Sunday, December 24, 2017

Christmas Cards to the Howe Family, circa 1900 - 1935 (Part 3)

Finally! Christmas is almost here. It's a perfect time to look through the last batch of holiday cards received by the Howe-Salyers family of Carrollton, Kentucky, mostly in the 1920s and '30s. At the end of the post are "happy New Year" cards that may be the most charming in the entire collection.

History abounds in these cards and seals. These early Christmas Seals from 1933 remind us that even at Christmas, people were fearful of one disease over all others: tuberculosis. In 1904, the National Association for the Study and Prevention of Tuberculosis (now the American Lung Association) began a unified, nationwide fight against the disease. Three years later, in what is thought to be the first direct-mail fundraiser in the U.S., a volunteer named Emily Bissell designed and sold the first Christmas Seals. The successful program continues to this day, 110 years later.

Another reminder of health issues of the day is this image (right), a cartoon of a little girl dressed as a nurse. My research of the image didn't turn up specific information, but I found enough info to develop a theory:
I believe the illustration is by Grace G. Drayton, creator of The Campbell Soup Company's iconic "Campbell Kids" and "Dolly Dingle," who gained popularity in storybooks and as paper dolls, figurines, and toys. The style of the cap seems consistent with caps worn by nurses around the time of World War 1. Then there's the flaming plum pudding, a.k.a. Christmas pudding. Such a British tradition! Could this be a nod to the alliance between the U.S. and England during the war? These are just my musings. Do you have ideas about the image?

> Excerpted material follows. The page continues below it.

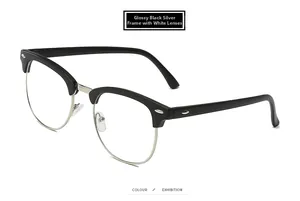 Detail of glossy black and silver semi-rimless frames with clear flat lenses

Below are some traditional cards that I think date to the 1930s.

(The writing says "For Will and the boys, meaning William Levi Salyers and his sons Bob, Jim, and David.)
The initials at the top right stand for William Levi Salyers and his wife Sarah Howe Salyers. I'm unsure about the reference to "your Scotch cousin – Ruth R." I'll be researching that soon.

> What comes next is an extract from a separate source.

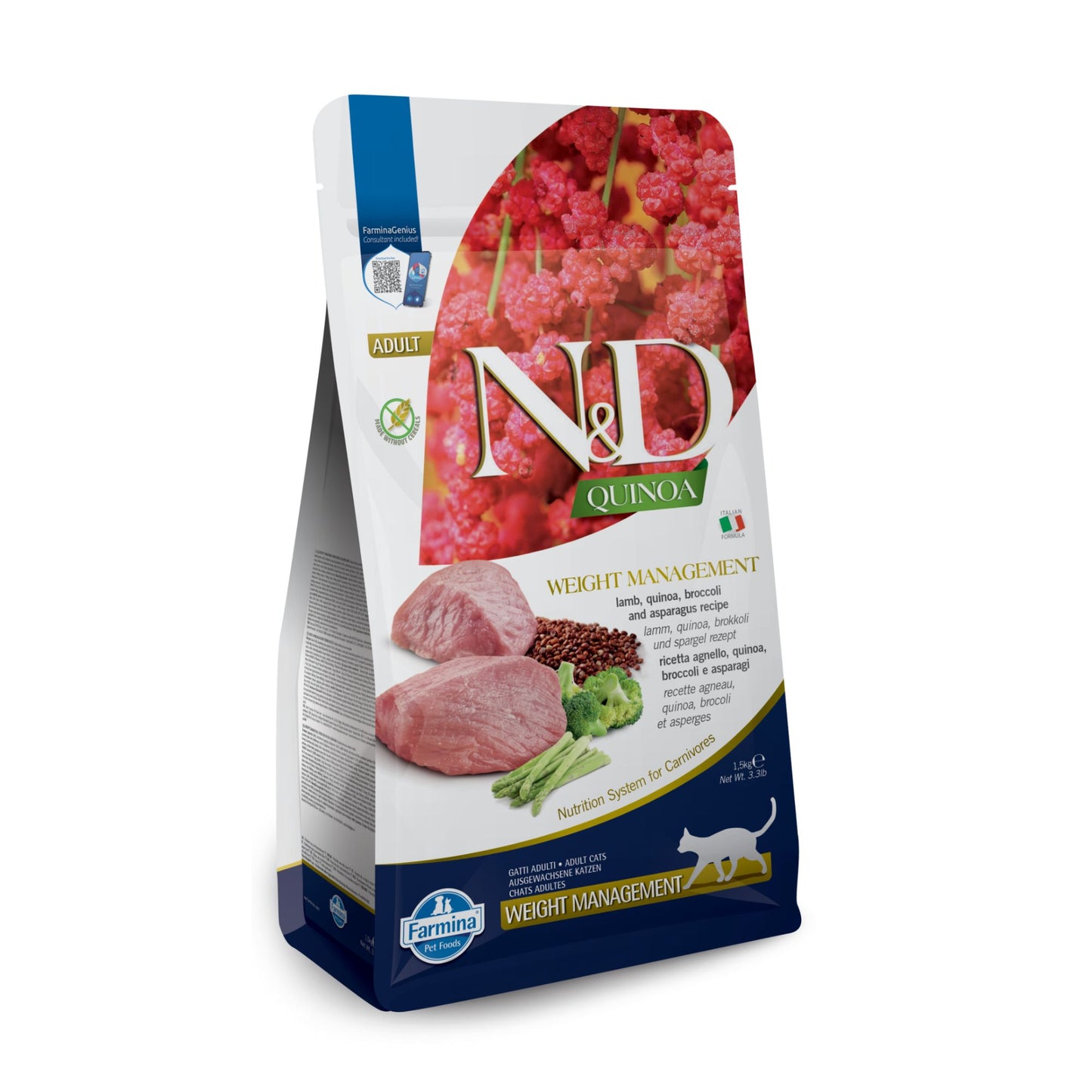N&D Quinoa Weight Management Lamb Broccoli – пълноценна храна с киноа за котки над една година, за контрол на теглото с агнешко, броколи и аспержи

Last but not least, a few cards specific to New Year greetings. These were in the same scrapbook with the cards from the 1930s, but (with the one exception dated 1912) I have no information on when they were printed or received. The art on these cards makes me think they date to pre-1920.

So concludes the holiday card posts for this season. To see cards Sarah Eva Howe and her parents received in the 1890s and early 1900s, please view the post dated December 18, 2016.

Best wishes to all for a happy holiday season. May 2018 bring you only good surprises!